It’s been a good week for global beverage and snack maker PepsiCo as it booked a 16% increase in full-year profits on Thursday (11 February).

The figures were a decent set of results given the economic headwinds faced in the last 12 months.

And the firm’s bullish 11-13% earnings growth guidance for 2010 suggests PepsiCo believes the global economic recovery is set to accelerate this year, an encouraging sign for investors no doubt.

PepsiCo's share price gained 1.4% to US$61.20 in afternoon trading as the firm recorded earnings in line with estimates of $5.95bn for the 12-month period to the end of December.

While sales remained flat at $43.23bn ($43.25bn), PepsiCo International delivered double-digit gains in net revenue, while Europe also delivered “strong” results.
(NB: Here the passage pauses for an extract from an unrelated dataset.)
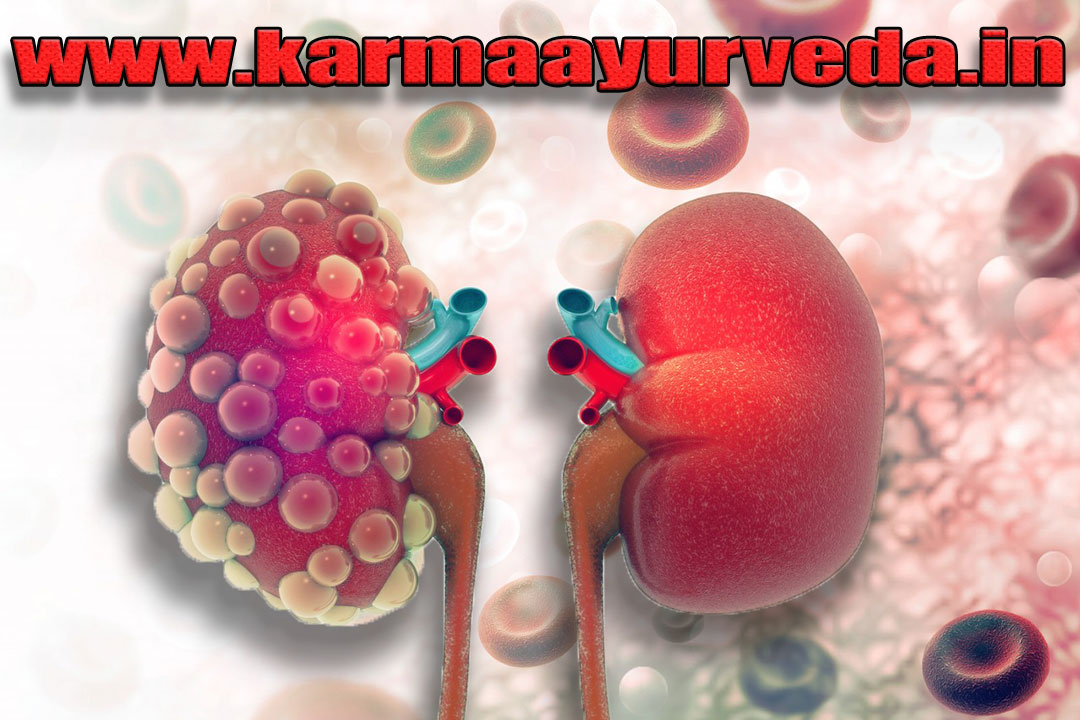 Kidney Failure Treatment Uttar Pradesh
Much of the talk yesterday was about PepsiCo’s plans for growth.

Earlier this month, the soft drinks maker announced plans to triple sales from healthy food and drink with the launch of several new products.

The move is part of a strategy to treble the group's $10bn global healthy food and drinks revenues over a decade, with a focus on its “good for you” ranges, such as Tropicana juice.

CEO Indra Nooyi reiterated this on the firm’s earnings conference call yesterday, pledging to continue the launch of new snack products as well as speed growth in developing markets, which it expects to boost revenue and profits. The company has been expanding its international units and food products division in a bid to buffer the decline in US drink sales, something rival The Coca-Cola Co is also doing.

The performance dichotomy between mature and growing markets is certainly apparent in PepsiCo’s results.

Despite revenue growth in North America, PepsiCo's volumes fell in each of the region’s segments, with the exception of Frito-Lay, including a 5% volume decline in beverages.

The Coca-Cola Co has a potential edge over PepsiCo as more than three quarters of its sales are outside the US. PepsiCo's international sales are about half its revenue.

However, while mature markets continue to be a challenge, there appears to be plentiful growth opportunities in emerging markets.

PepsiCo's Asia, the Middle East and Africa (AMEA) division delivered strong growth in 2009, with net revenue up 12% and core operating profits up 23%. Beverage volumes grew 8% for the year led by 32% growth in India.

PepsiCo is making significant investment in manufacturing facilities and distribution infrastructure in markets such as China and India, a move analysts believe will fuel double-digit growth in both countries.

The most immediate need for PepsiCo, however, is to get its bottler deals closed, which CEO Indra Nooyi has pencilled in for the end of February.